Single by Russ

from the album There's Really a Wolf
- Released: December 30, 2015
- Length: 2:47
- Label: Diemon; Russ My Way; Columbia; Sony;
- Songwriter(s): Russell Vitale
- Producer(s): Russ

Russ singles chronology
| "Tsunami" (2015) | "Do It Myself" (2015) | "Try It" (2016) |

Music video
- "Do It Myself" on YouTube

= Do It Myself =

2015 single by Russ

"Do It Myself" is a song by American rapper Russ, released on December 30, 2015 as the fourth single from his twelfth and major-label debut studio album There's Really a Wolf (2017). It was produced by Russ himself.

==Composition==
The song contains a bell-driven beat, over which Russ raps about accomplishing everything as a musical artist by himself. He adds that record labels began contacting him only after he became famous and he always planned to be successful through his own efforts.

==Critical reception==
Eli Schwadron of XXL gave a positive review, writing "'Do It Myself' is a record with plenty of potential containing catchy melodies and diverse flows.
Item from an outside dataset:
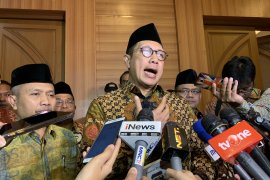 Penambahan 10.000 kuota haji diprioritaskan untuk lansia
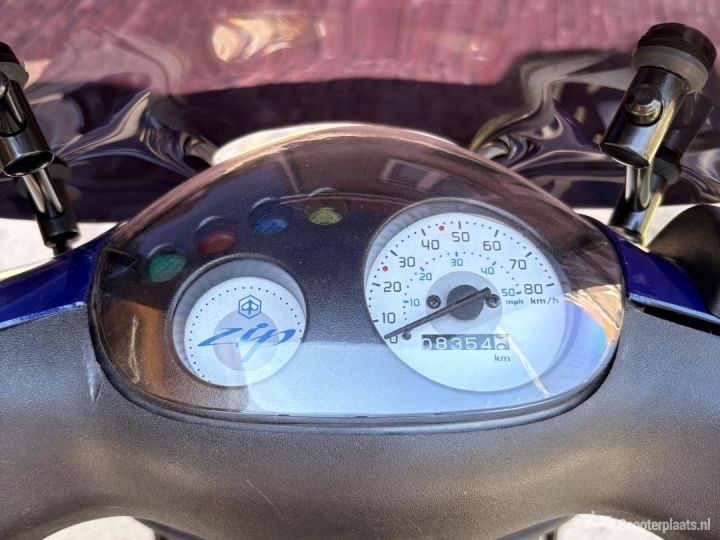 Piaggio Zip blauw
His delivery is clean and pinpoint when he spits, 'Whole game hitting up my phone because my hooks, beats and my raps / Only reason I pick up is 'cuz my family needs the cash.'" Danny Schwartz of HotNewHipHop commented the beat "makes it seem as though Russ is singing a lullaby to the haters as he lowers them into their grave."

==Music video==
An official music video was released in June 2016. Directed by Edgar Esteves, it sees Russ and a crew of around 20 people in an otherwise vacant parking lot of a discount mall in Atlanta.

==Certifications==

| Region | Certification | Certified units/sales |
| Canada (Music Canada) | Gold | 40,000^{‡} |
| New Zealand (RMNZ) | Gold | 15,000^{‡} |
| United States (RIAA) | Platinum | 1,000,000^{‡} |
^{‡} Sales+streaming figures based on certification alone.